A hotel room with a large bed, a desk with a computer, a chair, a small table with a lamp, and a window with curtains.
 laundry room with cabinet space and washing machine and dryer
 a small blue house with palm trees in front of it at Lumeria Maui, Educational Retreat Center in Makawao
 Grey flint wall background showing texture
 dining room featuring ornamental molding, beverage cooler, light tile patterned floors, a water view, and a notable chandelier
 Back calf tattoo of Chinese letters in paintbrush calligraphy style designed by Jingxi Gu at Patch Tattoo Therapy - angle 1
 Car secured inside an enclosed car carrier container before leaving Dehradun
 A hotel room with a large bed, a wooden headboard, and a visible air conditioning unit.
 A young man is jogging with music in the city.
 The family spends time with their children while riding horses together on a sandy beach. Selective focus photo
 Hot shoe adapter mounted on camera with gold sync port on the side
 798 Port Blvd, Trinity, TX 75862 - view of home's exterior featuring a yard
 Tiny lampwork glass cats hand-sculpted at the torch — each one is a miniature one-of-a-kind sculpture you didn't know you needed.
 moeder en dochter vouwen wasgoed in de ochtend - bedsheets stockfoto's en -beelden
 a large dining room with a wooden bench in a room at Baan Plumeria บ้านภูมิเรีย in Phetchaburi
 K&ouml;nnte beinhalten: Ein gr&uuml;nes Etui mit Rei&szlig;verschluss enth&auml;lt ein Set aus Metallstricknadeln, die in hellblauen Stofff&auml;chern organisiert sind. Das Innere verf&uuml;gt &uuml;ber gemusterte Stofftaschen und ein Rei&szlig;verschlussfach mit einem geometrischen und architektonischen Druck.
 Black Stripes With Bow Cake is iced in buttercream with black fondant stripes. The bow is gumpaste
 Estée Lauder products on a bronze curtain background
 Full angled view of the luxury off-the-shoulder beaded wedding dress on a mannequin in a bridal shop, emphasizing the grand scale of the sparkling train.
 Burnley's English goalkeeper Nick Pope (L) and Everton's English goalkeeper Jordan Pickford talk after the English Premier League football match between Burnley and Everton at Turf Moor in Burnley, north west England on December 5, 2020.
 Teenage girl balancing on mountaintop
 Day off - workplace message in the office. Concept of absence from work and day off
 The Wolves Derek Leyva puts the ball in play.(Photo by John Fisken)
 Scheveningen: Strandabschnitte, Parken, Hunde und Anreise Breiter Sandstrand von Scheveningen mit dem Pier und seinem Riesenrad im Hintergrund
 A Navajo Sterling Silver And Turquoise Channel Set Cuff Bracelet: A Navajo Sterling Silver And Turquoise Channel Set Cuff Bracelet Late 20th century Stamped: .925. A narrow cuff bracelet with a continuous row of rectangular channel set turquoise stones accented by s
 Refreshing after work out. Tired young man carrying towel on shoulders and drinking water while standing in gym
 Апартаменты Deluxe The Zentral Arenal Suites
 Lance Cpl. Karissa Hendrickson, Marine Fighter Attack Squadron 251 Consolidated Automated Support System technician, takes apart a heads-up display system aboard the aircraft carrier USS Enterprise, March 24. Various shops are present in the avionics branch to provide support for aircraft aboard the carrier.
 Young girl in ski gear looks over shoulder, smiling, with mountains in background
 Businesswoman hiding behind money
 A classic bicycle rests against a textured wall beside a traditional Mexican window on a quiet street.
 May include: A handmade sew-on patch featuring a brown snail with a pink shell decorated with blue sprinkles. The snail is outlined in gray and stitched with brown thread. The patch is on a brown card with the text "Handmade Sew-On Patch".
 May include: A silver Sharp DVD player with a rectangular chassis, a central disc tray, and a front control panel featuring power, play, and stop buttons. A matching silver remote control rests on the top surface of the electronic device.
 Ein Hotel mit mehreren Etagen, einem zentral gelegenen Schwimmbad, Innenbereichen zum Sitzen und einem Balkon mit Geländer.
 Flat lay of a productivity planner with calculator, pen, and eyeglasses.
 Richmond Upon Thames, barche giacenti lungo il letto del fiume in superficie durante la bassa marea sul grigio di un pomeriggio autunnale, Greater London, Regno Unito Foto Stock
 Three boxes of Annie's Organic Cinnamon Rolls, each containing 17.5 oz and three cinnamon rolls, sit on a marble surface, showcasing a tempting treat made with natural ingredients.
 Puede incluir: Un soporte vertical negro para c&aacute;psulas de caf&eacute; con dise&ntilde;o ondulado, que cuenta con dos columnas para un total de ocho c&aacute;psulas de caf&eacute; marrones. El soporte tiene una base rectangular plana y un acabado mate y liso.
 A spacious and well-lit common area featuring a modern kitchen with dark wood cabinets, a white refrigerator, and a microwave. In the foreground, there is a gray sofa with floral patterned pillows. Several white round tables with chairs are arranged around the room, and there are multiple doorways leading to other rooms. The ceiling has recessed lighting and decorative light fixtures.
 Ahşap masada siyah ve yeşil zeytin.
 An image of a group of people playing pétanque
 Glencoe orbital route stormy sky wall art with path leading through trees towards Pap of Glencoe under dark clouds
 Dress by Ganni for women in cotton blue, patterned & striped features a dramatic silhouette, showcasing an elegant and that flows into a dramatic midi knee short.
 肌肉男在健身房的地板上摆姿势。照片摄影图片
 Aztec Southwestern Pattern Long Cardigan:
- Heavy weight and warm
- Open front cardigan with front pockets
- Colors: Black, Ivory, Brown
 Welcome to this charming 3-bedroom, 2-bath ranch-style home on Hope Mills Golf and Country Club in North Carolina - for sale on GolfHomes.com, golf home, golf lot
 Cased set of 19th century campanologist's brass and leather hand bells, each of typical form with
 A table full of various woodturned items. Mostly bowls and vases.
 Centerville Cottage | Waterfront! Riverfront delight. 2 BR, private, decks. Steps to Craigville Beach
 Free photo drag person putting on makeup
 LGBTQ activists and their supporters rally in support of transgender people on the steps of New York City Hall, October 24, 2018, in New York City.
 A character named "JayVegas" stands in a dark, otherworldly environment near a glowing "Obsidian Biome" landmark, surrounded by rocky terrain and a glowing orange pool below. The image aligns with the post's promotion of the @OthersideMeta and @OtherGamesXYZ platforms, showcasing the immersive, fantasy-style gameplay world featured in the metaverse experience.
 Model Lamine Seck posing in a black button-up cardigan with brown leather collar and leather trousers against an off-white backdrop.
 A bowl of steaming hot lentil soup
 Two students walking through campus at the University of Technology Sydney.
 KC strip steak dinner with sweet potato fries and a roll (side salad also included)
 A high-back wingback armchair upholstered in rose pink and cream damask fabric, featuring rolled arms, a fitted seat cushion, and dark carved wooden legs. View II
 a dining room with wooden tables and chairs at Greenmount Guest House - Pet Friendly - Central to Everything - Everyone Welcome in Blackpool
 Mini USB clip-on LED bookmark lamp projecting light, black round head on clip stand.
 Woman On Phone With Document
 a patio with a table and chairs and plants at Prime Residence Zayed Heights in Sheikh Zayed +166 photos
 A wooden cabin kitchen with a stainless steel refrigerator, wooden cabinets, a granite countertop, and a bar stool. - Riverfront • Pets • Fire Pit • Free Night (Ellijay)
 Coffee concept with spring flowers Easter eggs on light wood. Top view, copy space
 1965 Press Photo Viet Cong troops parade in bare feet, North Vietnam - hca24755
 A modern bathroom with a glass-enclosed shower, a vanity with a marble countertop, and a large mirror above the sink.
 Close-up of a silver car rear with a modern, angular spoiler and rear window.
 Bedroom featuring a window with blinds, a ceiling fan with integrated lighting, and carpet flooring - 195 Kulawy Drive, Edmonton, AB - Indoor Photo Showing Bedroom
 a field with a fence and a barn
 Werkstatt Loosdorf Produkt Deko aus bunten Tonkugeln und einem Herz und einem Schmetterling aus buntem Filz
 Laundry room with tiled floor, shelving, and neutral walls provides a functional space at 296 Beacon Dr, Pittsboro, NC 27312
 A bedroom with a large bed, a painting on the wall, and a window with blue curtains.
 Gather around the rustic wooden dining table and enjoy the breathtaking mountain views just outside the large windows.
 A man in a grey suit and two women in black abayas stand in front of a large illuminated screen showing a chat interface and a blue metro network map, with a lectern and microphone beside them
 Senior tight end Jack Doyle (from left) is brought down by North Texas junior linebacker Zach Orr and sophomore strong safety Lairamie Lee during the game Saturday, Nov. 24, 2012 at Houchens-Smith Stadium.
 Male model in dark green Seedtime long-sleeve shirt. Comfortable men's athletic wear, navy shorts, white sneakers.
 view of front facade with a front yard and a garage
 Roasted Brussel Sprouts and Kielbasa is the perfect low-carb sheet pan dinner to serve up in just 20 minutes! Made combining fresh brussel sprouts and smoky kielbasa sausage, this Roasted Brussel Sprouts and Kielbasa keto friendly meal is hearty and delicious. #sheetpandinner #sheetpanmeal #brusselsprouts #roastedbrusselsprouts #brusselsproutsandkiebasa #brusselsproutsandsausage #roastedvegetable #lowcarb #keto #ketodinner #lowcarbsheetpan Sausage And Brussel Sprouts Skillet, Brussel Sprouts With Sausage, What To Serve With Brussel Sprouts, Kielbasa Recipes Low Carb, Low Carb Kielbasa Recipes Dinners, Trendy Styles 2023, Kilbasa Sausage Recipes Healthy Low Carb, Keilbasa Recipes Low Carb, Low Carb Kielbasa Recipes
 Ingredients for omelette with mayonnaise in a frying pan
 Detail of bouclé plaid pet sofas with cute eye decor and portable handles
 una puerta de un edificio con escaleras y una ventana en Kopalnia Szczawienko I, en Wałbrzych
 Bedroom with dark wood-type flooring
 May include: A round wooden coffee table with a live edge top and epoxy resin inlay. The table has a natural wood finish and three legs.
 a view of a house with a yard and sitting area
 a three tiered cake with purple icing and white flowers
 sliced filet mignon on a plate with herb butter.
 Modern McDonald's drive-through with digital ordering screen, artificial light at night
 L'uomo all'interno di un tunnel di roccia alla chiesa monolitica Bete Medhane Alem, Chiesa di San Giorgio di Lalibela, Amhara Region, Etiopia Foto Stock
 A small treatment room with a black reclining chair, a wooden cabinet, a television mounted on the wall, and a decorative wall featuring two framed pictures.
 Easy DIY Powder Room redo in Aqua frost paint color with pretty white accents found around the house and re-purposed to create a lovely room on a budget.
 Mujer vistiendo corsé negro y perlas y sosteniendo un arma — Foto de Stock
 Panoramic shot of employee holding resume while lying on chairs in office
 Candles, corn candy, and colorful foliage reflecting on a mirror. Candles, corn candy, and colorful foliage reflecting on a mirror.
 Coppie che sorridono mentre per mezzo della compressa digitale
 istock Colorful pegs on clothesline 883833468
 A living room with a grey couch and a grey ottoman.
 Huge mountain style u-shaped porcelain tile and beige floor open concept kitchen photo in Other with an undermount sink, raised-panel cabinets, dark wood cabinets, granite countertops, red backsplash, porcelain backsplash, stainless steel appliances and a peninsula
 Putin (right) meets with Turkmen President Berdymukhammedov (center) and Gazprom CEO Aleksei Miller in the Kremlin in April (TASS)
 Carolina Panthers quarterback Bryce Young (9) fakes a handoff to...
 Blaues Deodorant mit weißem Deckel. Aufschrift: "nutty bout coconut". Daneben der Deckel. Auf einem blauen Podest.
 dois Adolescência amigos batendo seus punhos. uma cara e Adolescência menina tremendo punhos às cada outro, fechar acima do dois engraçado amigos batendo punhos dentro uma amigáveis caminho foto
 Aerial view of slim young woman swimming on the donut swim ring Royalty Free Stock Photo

What the task requires >> Please return every line from the first one in the records above down to the line containing "Tiny lampwork glass", including both, exactly as written and nothing more.

Exercise answer >>
A hotel room with a large bed, a desk with a computer, a chair, a small table with a lamp, and a window with curtains.
 laundry room with cabinet space and washing machine and dryer
 a small blue house with palm trees in front of it at Lumeria Maui, Educational Retreat Center in Makawao
 Grey flint wall background showing texture
 dining room featuring ornamental molding, beverage cooler, light tile patterned floors, a water view, and a notable chandelier
 Back calf tattoo of Chinese letters in paintbrush calligraphy style designed by Jingxi Gu at Patch Tattoo Therapy - angle 1
 Car secured inside an enclosed car carrier container before leaving Dehradun
 A hotel room with a large bed, a wooden headboard, and a visible air conditioning unit.
 A young man is jogging with music in the city.
 The family spends time with their children while riding horses together on a sandy beach. Selective focus photo
 Hot shoe adapter mounted on camera with gold sync port on the side
 798 Port Blvd, Trinity, TX 75862 - view of home's exterior featuring a yard
 Tiny lampwork glass cats hand-sculpted at the torch — each one is a miniature one-of-a-kind sculpture you didn't know you needed.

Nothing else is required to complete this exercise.